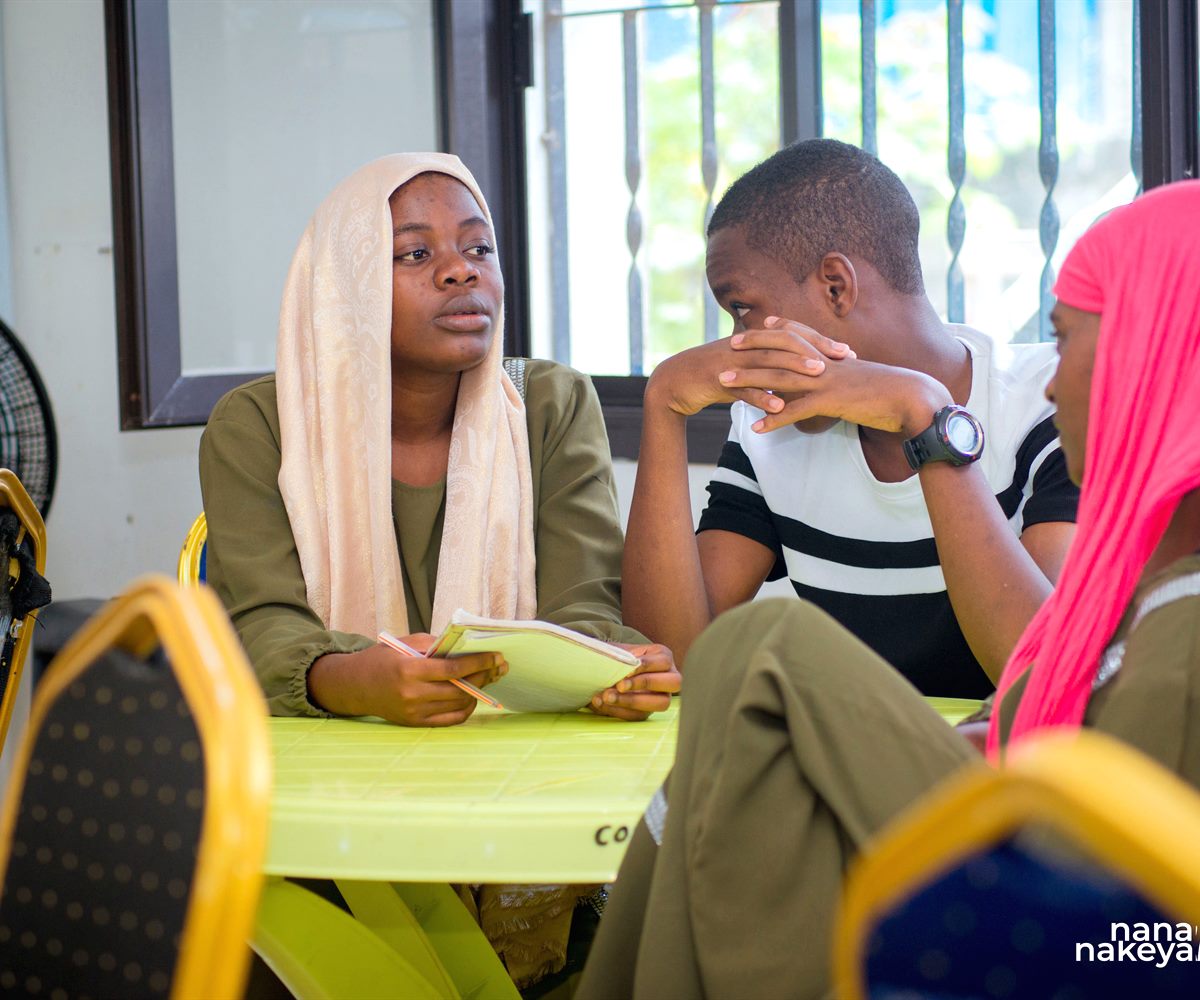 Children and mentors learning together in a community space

--

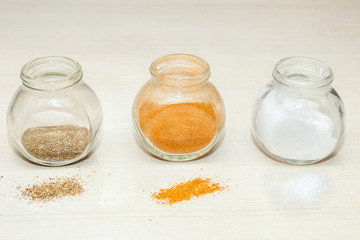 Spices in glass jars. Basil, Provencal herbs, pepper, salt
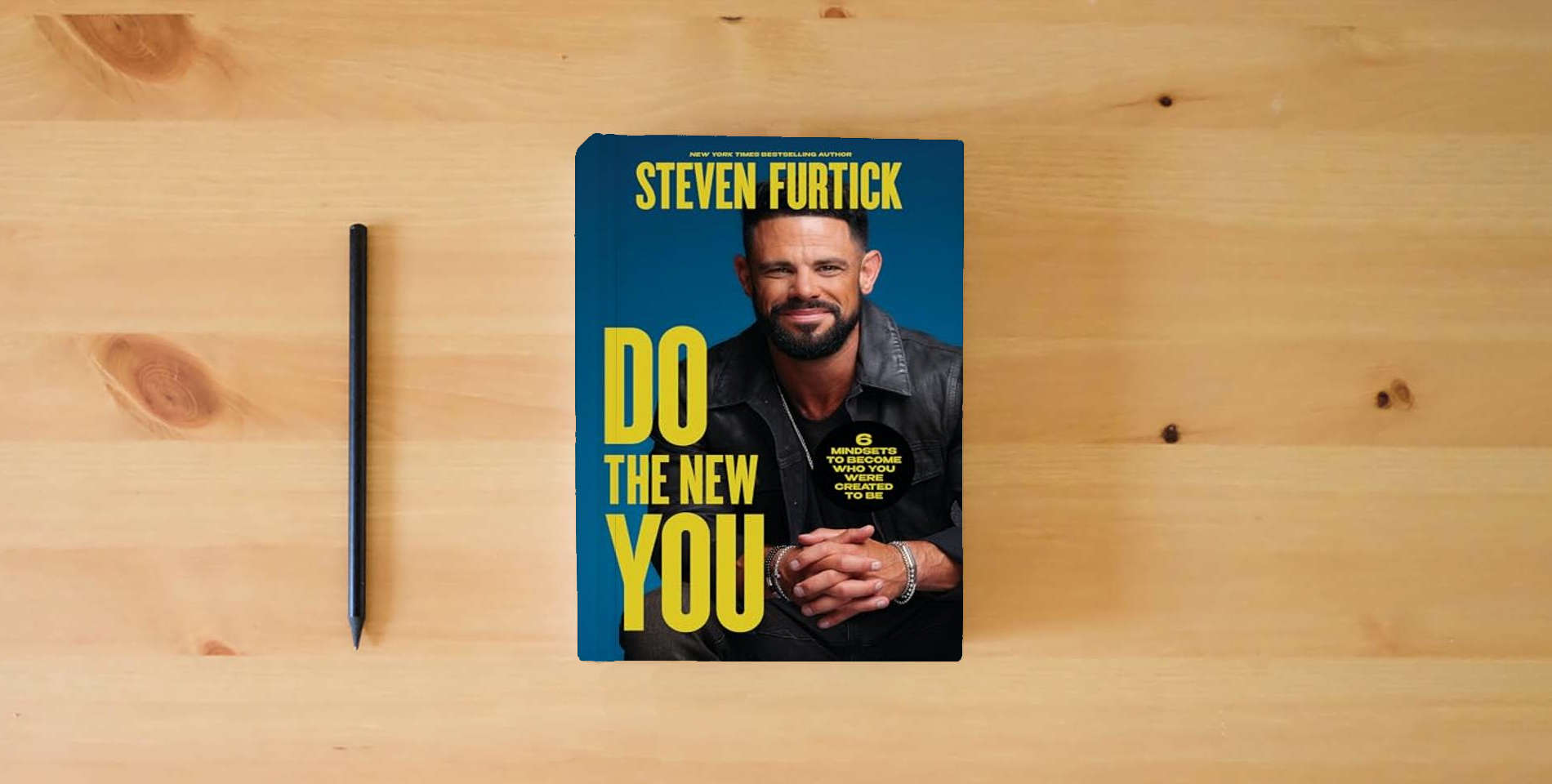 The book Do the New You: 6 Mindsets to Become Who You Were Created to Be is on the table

WORK INSTRUCTIONS:
Only one stretch of the data is wanted: write out exactly the lines from the one holding "Spices in glass" through the one holding "The book Do", both included, without the pictures.

RESULT FOR THIS EXERCISE:
 Spices in glass jars. Basil, Provencal herbs, pepper, salt
 The book Do the New You: 6 Mindsets to Become Who You Were Created to Be is on the table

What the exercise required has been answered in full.